In 1949 Ewald Erb moved his family from Rheinbach, in the British occupation zone, to Halle in the Soviet zone. He had already been offered and accepted an invitation to take a Humanities professorship at Halle University two years earlier but final confirmation of it had been deferred, apparently due to suspicions on the part of the authorities that he was an "English agent". When the girls and their mother arrived in Halle their father was therefore unemployed and suffering from some form of situational Neuropathy. Ute and her two sisters were removed from the family and installed at a Francke Foundation orphanage where they lived for the next few years. During the later 1940s the Francke Foundation assets in Halle had been expropriated and handed over to the control of the university, which after 1946 facilitated more direct levels of party control. While she remained at the orphanage, and as far as these circumstances allowed, Ute Erb received a conventional party approved upbringing, joining the "Young Pioneers" with the others. She also joined the children's group organised by Jenny Gertz, a dancer and Jewish concentration camp survivor. Meanwhile, the authorities seem to have been becoming reconciled, little by little, to the idea that her father was not a western spy. The university professorship never materialised, but he was allocated a job as a secondary school teacher. Later he became a senior research assistant at the university's Institute for German Literature which provided the opportunity to work on his "History of German Literature", a multi-volume Marxist compilation.

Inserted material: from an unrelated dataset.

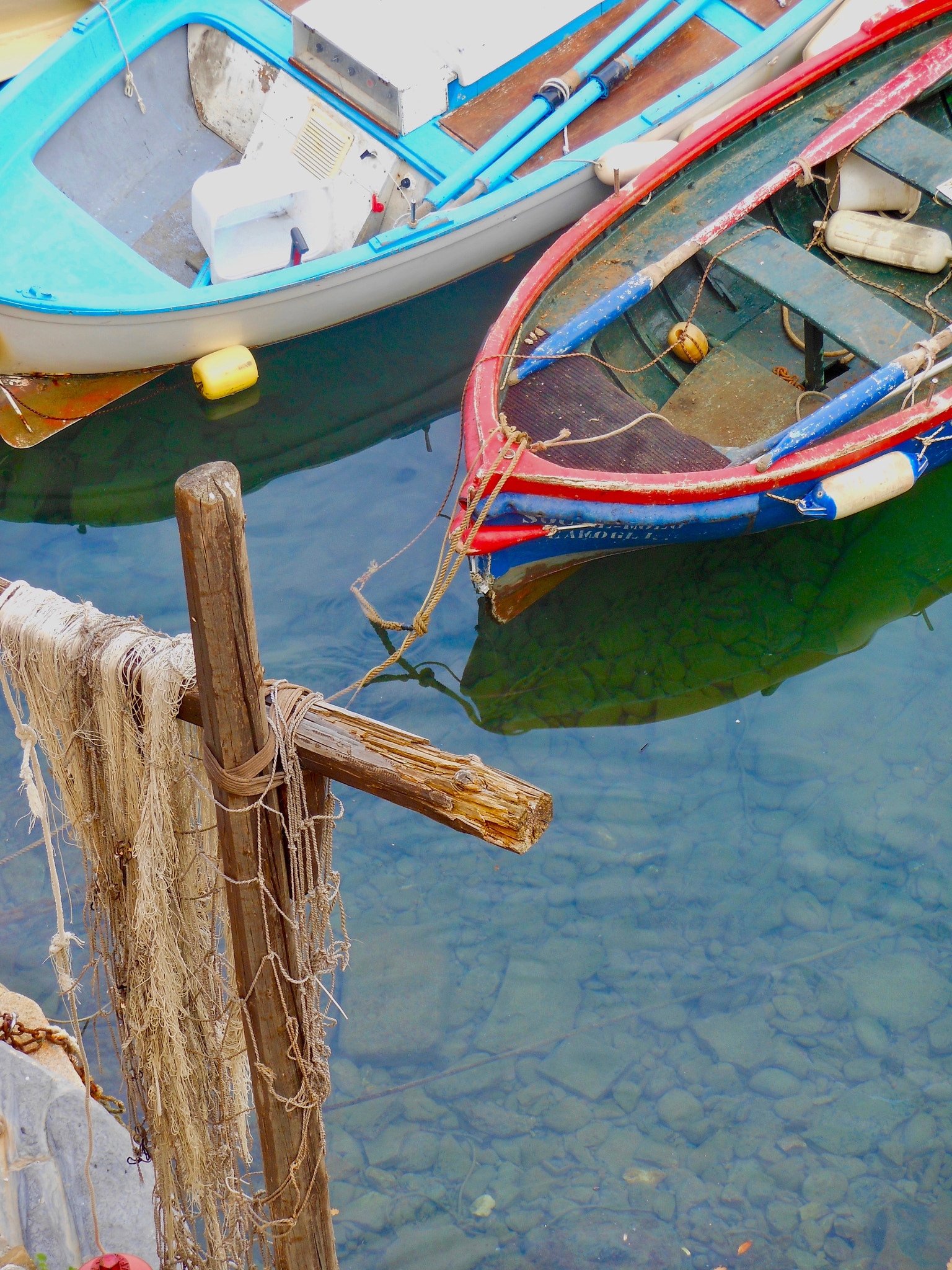 Nikon Coolpix S6200 sample photo. Colorful boats resting at the pier, angle photography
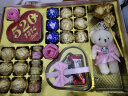 德芙  DOVE巧克力礼盒装糖果零食护士母亲节520情人节礼物送女朋友生日礼物 77格紫色鹊桥立体爱心 礼盒装 400g 实拍图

At some point the family were reunited.[1]

First novel[edit]

Erb discusses her escape to the west and the reasons for it in her semi-autobiographical novel "Die Kette an deinem Hals" (loosely, "The chain round your neck") which she started to write at the suggestion of a friend, the physician and committed antifascist activist Joseph Scholmer.[1] By the time the book was completed and, in 1960, published, the author was living and working at the Kibbutz Gal'ed in the Galilee.[5] "Die Kette an deinem Hals" nevertheless enjoyed significant commercial success, despite being the author's first published novel. In due course a film version was produced (1965) and the book was translated into several languages.[6][7][8]

First marriage[edit]

By 1962 she was back in Germany, where she settled in Charlottenburg (West Berlin) and married Michael Pampuch, a professional simultaneous translator and singer. The couple's sons were born in 1961 and 1963. Erb and Pampuch also teamed up to produce a German language translation of Booth Mooney's then topical biography of President Lyndon Johnson.[1][9] The marriage ended in divorce in 1966, however.

Party memberships[edit]

After her youthful escape to West Germany, the homeland security services of East Germany continued to keep an eye on Ute Erb's activities. In May 1961 "IM Hermann" reported back to his handlers at the "Ministry for State Security in East Berlin, "she has a very idiosyncratic character, and insists on her own opinions".[1][a] It was an assessment which, had they known of it, party officials in the western Social Democratic Party would almost certainly have endorsed six years later. Ute Erb joined the SPD in 1967, but was excluded from it just four months later, primarily because she took a lead in disrupting a US-Troop parade in Berlin, as part of the wider struggle against the Vietnam War. Some years later, in 1970, she joined the Socialist Unity Party of West Berlin (SEW), a western branch of the East German ruling party.[10] Without the muscular state backing available in the Soviet sponsored German Democratic Republic, however, the Socialist Unity Party and its Berlin proxy never acquired significant traction in West Berlin or in West Germany, where after 1949 it was widely perceived as a proxy for Moscow's all-too traditional imperialist ambitions. Despite her party memberships, even though she was clearly involved in her own varieties of political activism, Ute Erb never became a significant figure in Berlin's party political scene.[1]

Tertiary education?[edit]

In May 1968 she passed the Abitur, which under most circumstances would open the way to university-level education. She was unusual but very far from unique in reaching this stage at the relatively advanced age of 27, making use of the so-called "Zweiter Bildungsweg" ("alternative education path"), which involved attending evening classes. She enrolled at the "Pädagogische Hochschule" (Berlin Teachers' Training Academy), supported by a bursary, but the financial and other pressures of combining the course with her responsibilities as a single parent and her political activism proved unsustainable, and she never finished that course. Instead she embarked on an apprenticeship as a compositor with the "Druckhaus Norden" printing business, also becoming a self-trained proof-reader.[1]

Second marriage[edit]

Ute Erb's second marriage, in 1973, was to the Austrian polymath-poet Hermann Schürrer. The marriage was followed by the couple's divorce in 1974, but the two remained good friends until Schürrer's death in 1986, working together on a number of written works.[1][11]

Activist[edit]

Ute Erb became part of the "Kommune 1" movement which grew out of the 1968 student protests. She was a co-founder and "lead tenant" of "Kommune 99" and active in the "Kinderladen" movement, dedicated to an alternative template for Kindergarten organisation,[b] their objectives summarized in the slogan, "More parents for each child".[1] Erb's political engagement led to a series of court appearances. The former militant and lawyer Horst Mahler provided her with legal representation on a number of occasions, but Mahler was himself not always at liberty, and in her later encounters with the criminal justice system Erb was represented by Hans-Christian Ströbele.[1]

Poetry volumes[edit]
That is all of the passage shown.